WORK REQUEST:
Copy every line of the records that includes the word "flower".

BEGIN DATASET EXCERPTS

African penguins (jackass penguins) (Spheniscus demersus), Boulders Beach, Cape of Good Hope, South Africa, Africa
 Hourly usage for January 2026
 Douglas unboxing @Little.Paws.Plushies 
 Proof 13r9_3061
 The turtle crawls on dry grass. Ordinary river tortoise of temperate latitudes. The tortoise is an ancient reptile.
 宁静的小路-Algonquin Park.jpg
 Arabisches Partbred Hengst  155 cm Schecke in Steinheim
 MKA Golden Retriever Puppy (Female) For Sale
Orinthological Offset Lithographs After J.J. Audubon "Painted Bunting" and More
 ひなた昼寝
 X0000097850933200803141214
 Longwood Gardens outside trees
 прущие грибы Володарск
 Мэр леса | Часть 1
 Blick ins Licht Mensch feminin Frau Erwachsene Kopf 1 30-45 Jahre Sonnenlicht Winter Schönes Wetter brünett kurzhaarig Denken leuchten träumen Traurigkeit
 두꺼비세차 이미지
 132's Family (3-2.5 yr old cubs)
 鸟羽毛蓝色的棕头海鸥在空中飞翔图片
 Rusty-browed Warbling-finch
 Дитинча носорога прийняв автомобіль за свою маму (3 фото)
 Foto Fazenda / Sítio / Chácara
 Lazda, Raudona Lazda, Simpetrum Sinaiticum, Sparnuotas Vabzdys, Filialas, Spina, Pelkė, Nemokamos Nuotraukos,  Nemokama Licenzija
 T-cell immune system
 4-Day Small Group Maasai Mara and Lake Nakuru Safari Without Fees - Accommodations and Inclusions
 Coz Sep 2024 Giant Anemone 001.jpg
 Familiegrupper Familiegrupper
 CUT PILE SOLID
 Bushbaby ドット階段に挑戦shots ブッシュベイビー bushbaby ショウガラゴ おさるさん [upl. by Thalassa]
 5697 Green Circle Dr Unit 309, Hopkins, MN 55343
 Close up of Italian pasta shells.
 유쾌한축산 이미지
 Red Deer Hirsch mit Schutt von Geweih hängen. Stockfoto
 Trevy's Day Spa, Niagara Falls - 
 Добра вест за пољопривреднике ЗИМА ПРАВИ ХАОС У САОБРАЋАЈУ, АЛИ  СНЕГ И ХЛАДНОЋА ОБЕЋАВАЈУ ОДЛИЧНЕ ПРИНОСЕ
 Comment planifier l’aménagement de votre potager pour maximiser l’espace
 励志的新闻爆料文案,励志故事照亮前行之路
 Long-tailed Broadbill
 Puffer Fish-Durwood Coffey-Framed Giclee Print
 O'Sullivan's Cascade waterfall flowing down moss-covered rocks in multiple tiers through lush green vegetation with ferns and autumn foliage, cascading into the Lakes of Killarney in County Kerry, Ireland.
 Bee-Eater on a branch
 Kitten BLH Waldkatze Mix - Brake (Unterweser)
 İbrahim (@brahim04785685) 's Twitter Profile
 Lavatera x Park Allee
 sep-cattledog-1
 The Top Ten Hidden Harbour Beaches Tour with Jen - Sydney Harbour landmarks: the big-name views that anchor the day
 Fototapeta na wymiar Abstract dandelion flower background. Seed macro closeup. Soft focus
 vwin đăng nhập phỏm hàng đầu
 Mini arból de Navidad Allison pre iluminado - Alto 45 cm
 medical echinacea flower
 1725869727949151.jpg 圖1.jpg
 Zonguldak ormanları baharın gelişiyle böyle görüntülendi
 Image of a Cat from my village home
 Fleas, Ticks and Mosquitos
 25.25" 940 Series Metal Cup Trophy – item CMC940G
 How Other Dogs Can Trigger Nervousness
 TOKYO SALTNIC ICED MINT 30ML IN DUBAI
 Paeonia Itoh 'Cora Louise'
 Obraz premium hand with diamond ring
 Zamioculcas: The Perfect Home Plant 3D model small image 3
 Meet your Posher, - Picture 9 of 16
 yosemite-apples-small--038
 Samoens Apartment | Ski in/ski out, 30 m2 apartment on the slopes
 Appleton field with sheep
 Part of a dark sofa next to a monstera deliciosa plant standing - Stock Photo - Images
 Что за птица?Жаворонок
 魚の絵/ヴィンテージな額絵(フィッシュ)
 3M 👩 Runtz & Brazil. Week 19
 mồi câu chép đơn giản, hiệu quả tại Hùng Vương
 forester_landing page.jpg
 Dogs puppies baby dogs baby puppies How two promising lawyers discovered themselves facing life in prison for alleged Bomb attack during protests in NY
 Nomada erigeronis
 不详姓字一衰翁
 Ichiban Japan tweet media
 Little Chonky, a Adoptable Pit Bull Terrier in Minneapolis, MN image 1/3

END DATASET EXCERPTS

WRITTEN ANSWER:
 Fototapeta na wymiar Abstract dandelion flower background. Seed macro closeup. Soft focus
 medical echinacea flower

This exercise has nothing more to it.